Daryl Little Jr.
CALSTART
Testimony Summary
Consistent state funding is what keeps private investment, jobs, and innovation moving forward.
Key Quotes
“California’s investment in clean transportation is not optional. It is essential.”
“Market certainty depends on follow through.”
Full Transcript
My name is Daryl Little Jr., state policy director for CALSTART, a nonprofit dedicated to advancing clean transportation solutions. For California, clean transportation is essential to meeting the state's climate and clean air goals. Transportation remains California's largest source of greenhouse gas emissions and air pollution. That reality means we cannot afford a narrow approach. We need sustained investment across the full suite of clean transportation programs from passenger vehicles to trucks, buses, infrastructure, and community-based solutions.
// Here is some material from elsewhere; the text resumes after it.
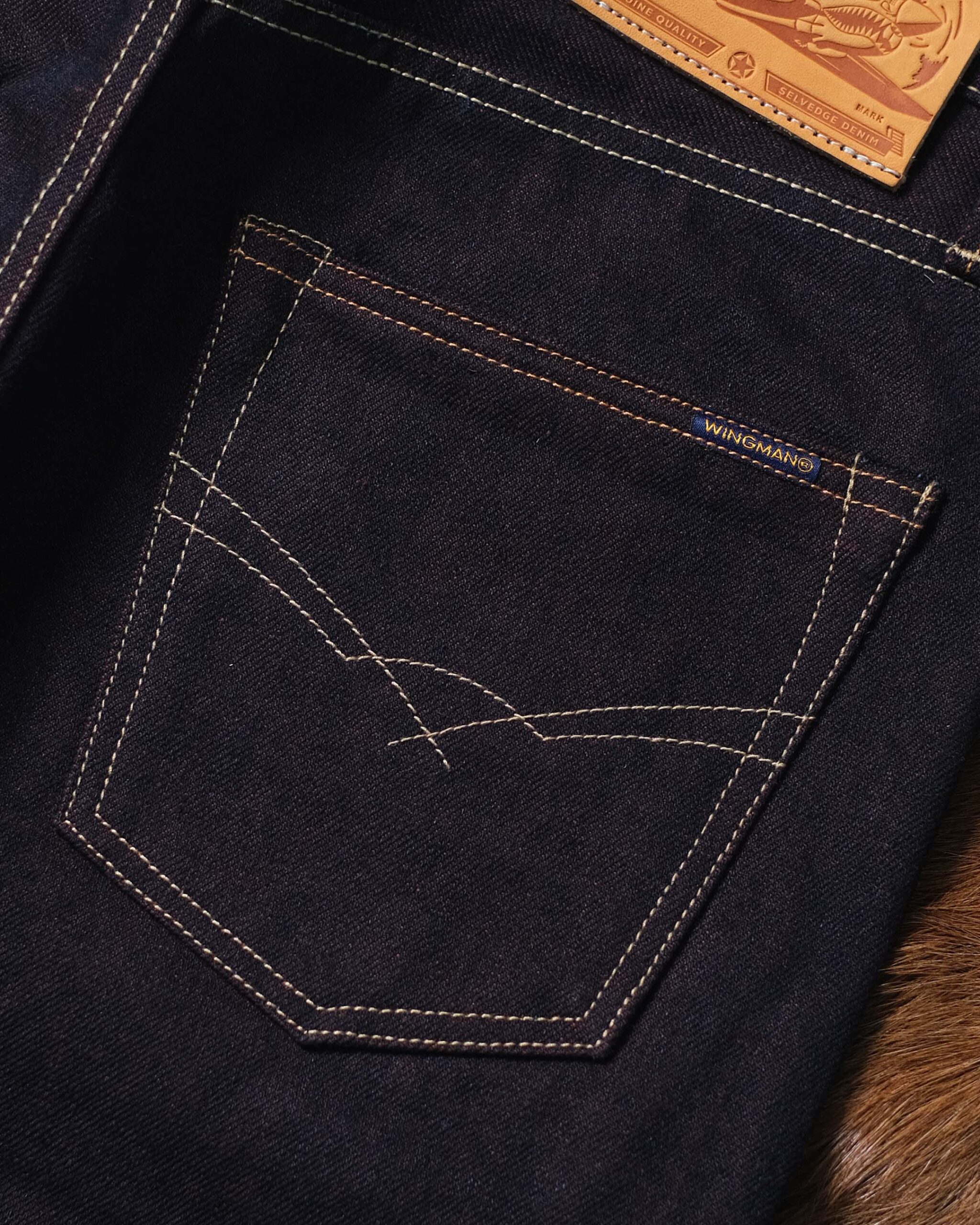 WOOL DENIM TUSCAN RED 16oz // SLIM STRAIGHT - Image 13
Programs like HVIP and the clean mobility options program are foundational are financial to that strategy. Clean transportation programs deliver results. They reduce emissions, improve public health, support equitable access to transportation, and drive private investment into California. If funds for these programs are delayed or diverted, there could be economic consequences that destabilize the market, putting thousands of transportation jobs and private investment at risk while also leaving communities that are counting on cleaner air and better transportation options left waiting. Market certainty depends on follow through. Idlemakers, fleets, utilities, and infrastructure providers make long-term decisions based on predictable state investment. When funding becomes uncertain or inconsistent, private investment slows, innovation stalls, and progress becomes harder and more expensive to regain.
California's investment in clean transportation is not optional. It is essential. It will protect good paying jobs, keep transportation affordable for families and businesses, and deliver real public health benefits in communities across the state. But these gains are not guaranteed. Without consistent, reliable budget support and without incentives that keep clean transportation solutions within reach, we risk stalling the momentum we've built in manufacturing, infrastructure, and workforce development. The sector remains as a major and growing pillar of the world's fourth largest economy. The choices we make now will determine whether California continues to lead or seeds ground at a moment when leadership has never mattered more.